Boltzmann Distribution with two gasses

1. Jan 9, 2012

edpell

What is the Boltzmann distribution look like if we have a mix of two gasses with very different molecular weights? Say hydrogen at 2 amu and xenon at 132 amu. Do they have equal average momentum and hence the hydrogen has an average velocity 66 times the velocity of the xenon and an energy .5*m*v^2 that is 66 times higher than the xenon? Or do they have equal average energy? But shouldn't they both have just .5*kT of energy per degree of freedom?

2. Jan 9, 2012

klimatos

Since the two gases are mixed, at equilibrium they will have the same temperature and hence the same mean kinetic energy of translation. They will not have the same momentum. Molecular momentum is a function of the molecular velocity, but energy of translation is a function of the means of the squares of the velocities. The Maxwell distribution curves of their respective kinetic energies of translation will be different as well. The curve for hydrogen will be lower and broader. The mean total KE per molecule will be 3/2 kT for each gas.

In short, the KE means will be the same, the distributions will be different.

3. Jan 9, 2012

Curl

The Boltzmann distribution describes a statistic (mean speed) in the microcanonical ensemble.

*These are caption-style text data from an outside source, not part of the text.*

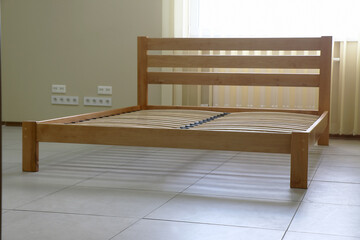 frame of a simple lacquered bed made of wood with slats without mattress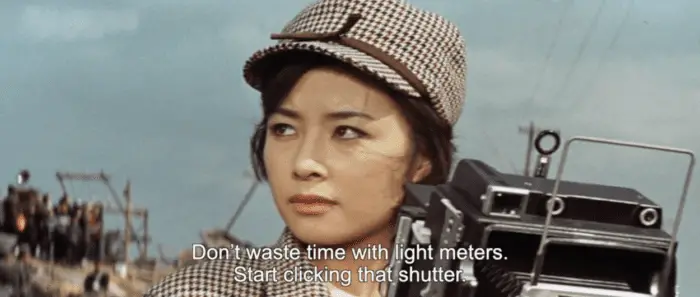 Junko Nakanishi in "Mothra vs Godzilla" in a matching checkered hat and coat.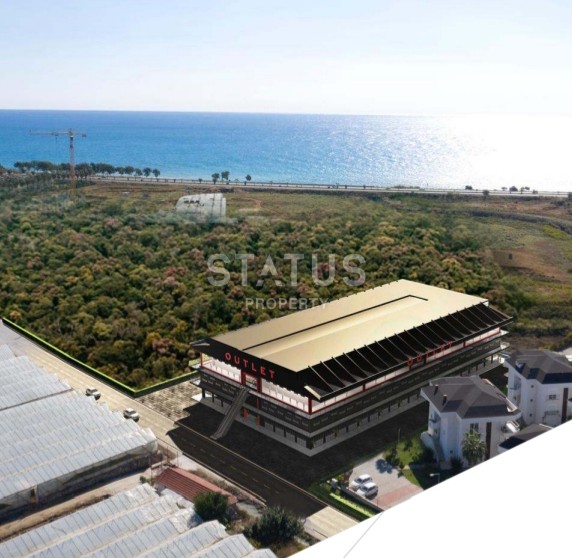 Commercial premises from 32 m2 in the shopping center of the Payallar resort area. фото 1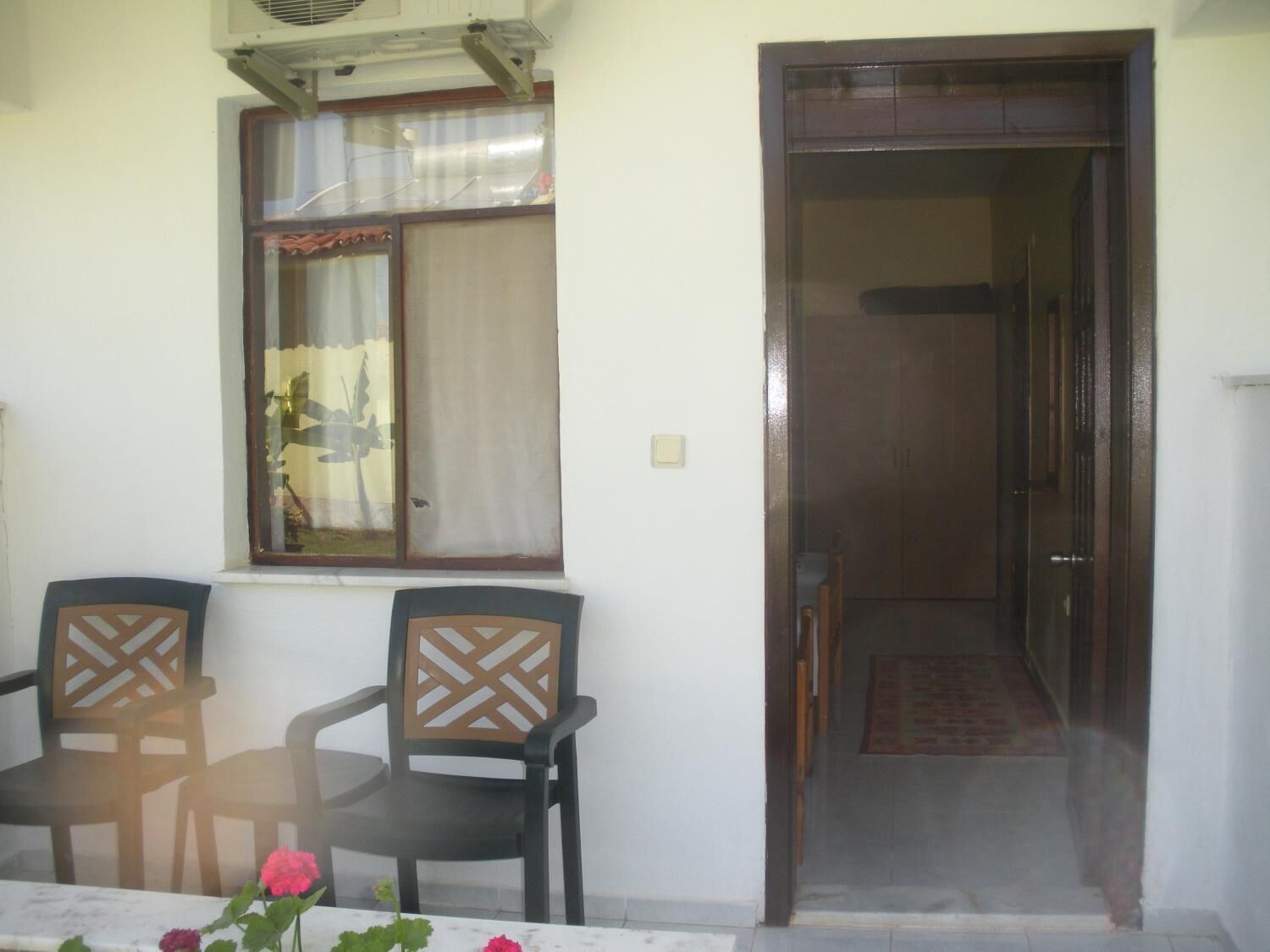 A room with two wooden chairs, a window with curtains, and a wooden door leading to a hallway.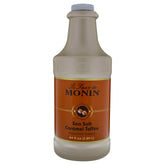 Monin Sea Salt Caramel Toffee bottle; rich, creamy caramel flavor for coffee and desserts.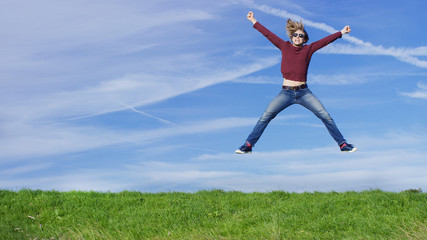 Happy man jumping for joy on grass, with space for text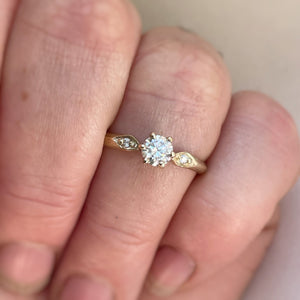 Vintage inspired solitaire engagement ring. 14kt yellow gold, 10kt yellow gold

As such, particles of different kinds are non-interacting so in a mixture of two gasses, each species can be treated independently.

If you want a combined statistic for the entire gas, just add up the 2 statistics in the end using the appropriate mathematics.

4. Jan 10, 2012

Rap

If you really mean momentum, and not absolute value of momentum, then they will have the same average momentum per particle, which will be zero. Since the absolute value of momentum is not a conserved quantity, the gases will not have the same average absolute value of momentum. Energy is conserved, so they will have the same average energy per particle.